**Problem details:**
Every entry should be duplicated verbatim, and no picture may appear in the copy.

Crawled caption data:
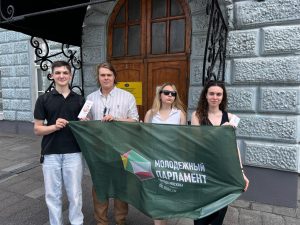 Просветительскую акцию провели юные парламентарии района. Фото: страница Молодежной палаты района Хамовники в социальных сетях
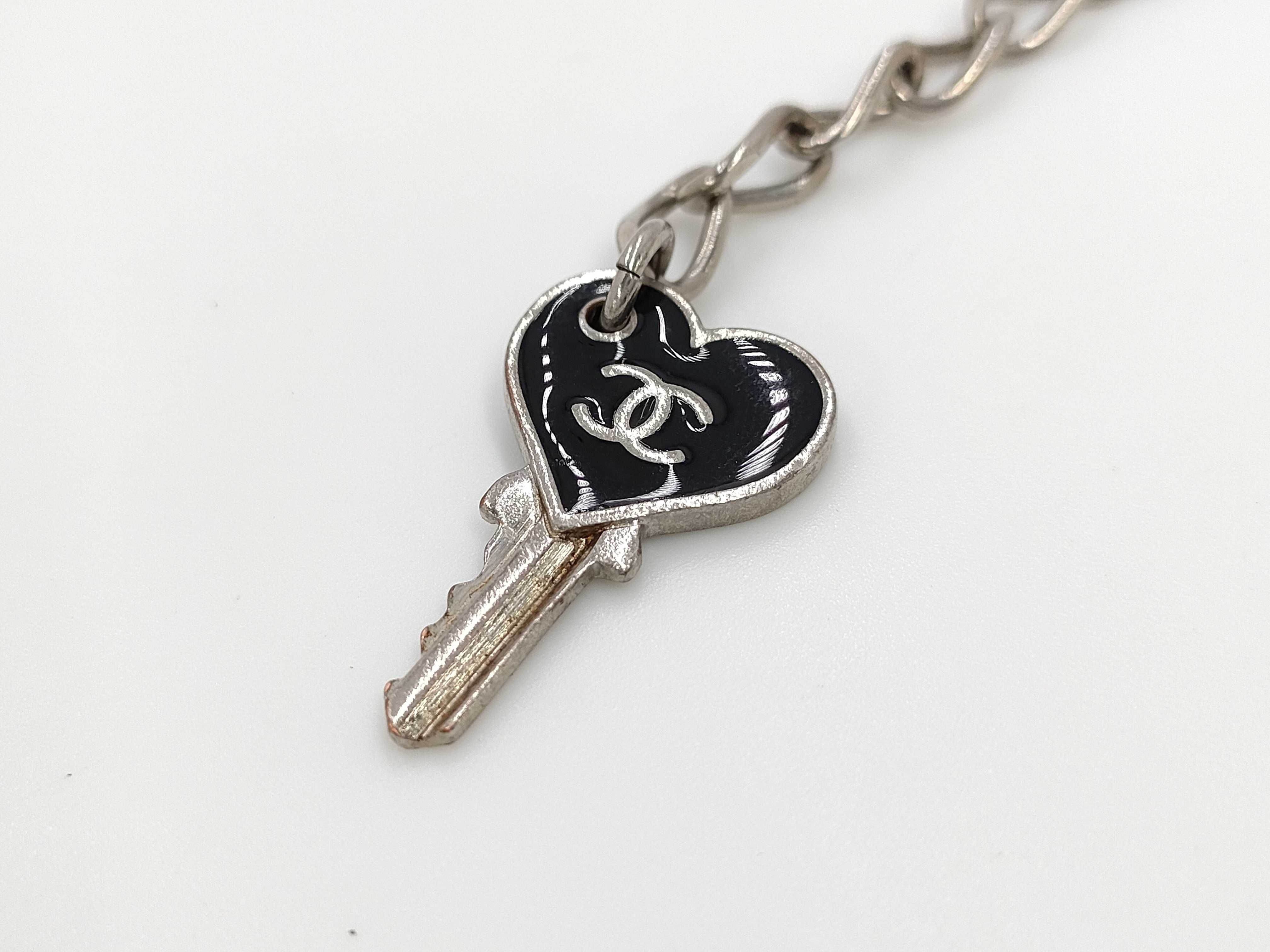 07P Chanel Lock Motif Chain Bracelet with Padlock and Key Charm 7"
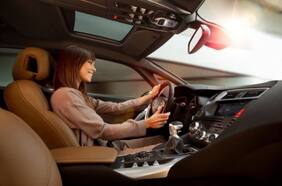 ¿En qué se fijan ellas a la hora de comprar un auto?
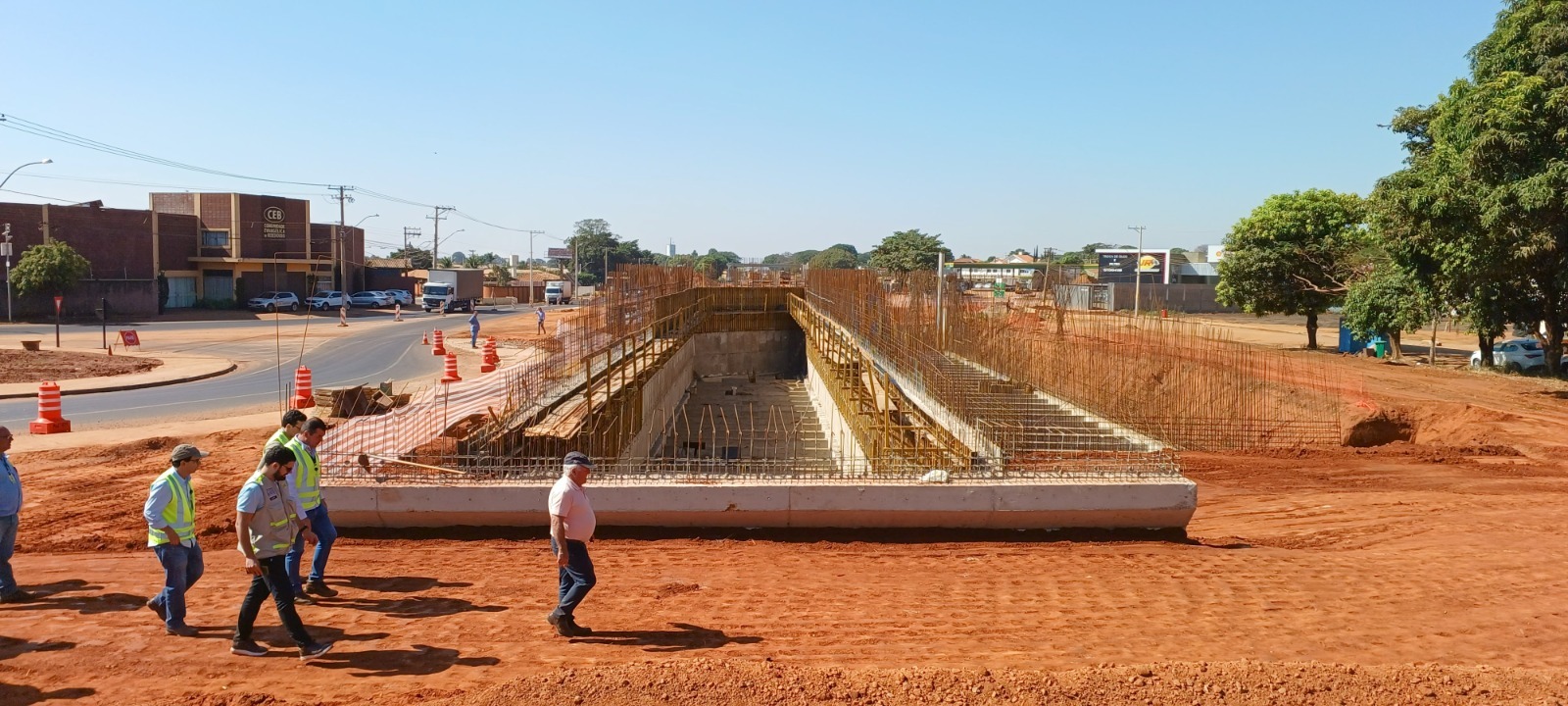 Governo de SP vistoria obras do novo viaduto em Bebedouro que terá entrega antecipada neste ano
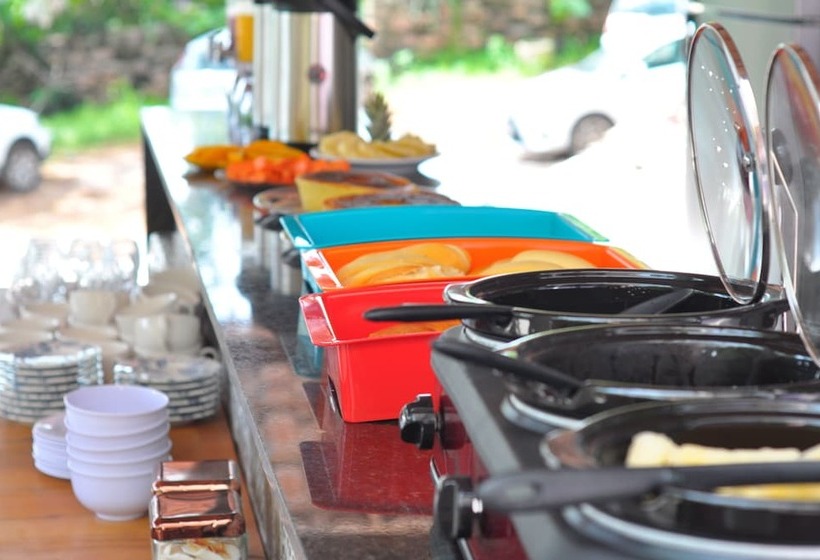 פונדק Pousada Pedras Quentes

**Result:**
 Просветительскую акцию провели юные парламентарии района. Фото: страница Молодежной палаты района Хамовники в социальных сетях
 07P Chanel Lock Motif Chain Bracelet with Padlock and Key Charm 7"
 ¿En qué se fijan ellas a la hora de comprar un auto?
 Governo de SP vistoria obras do novo viaduto em Bebedouro que terá entrega antecipada neste ano
 פונדק Pousada Pedras Quentes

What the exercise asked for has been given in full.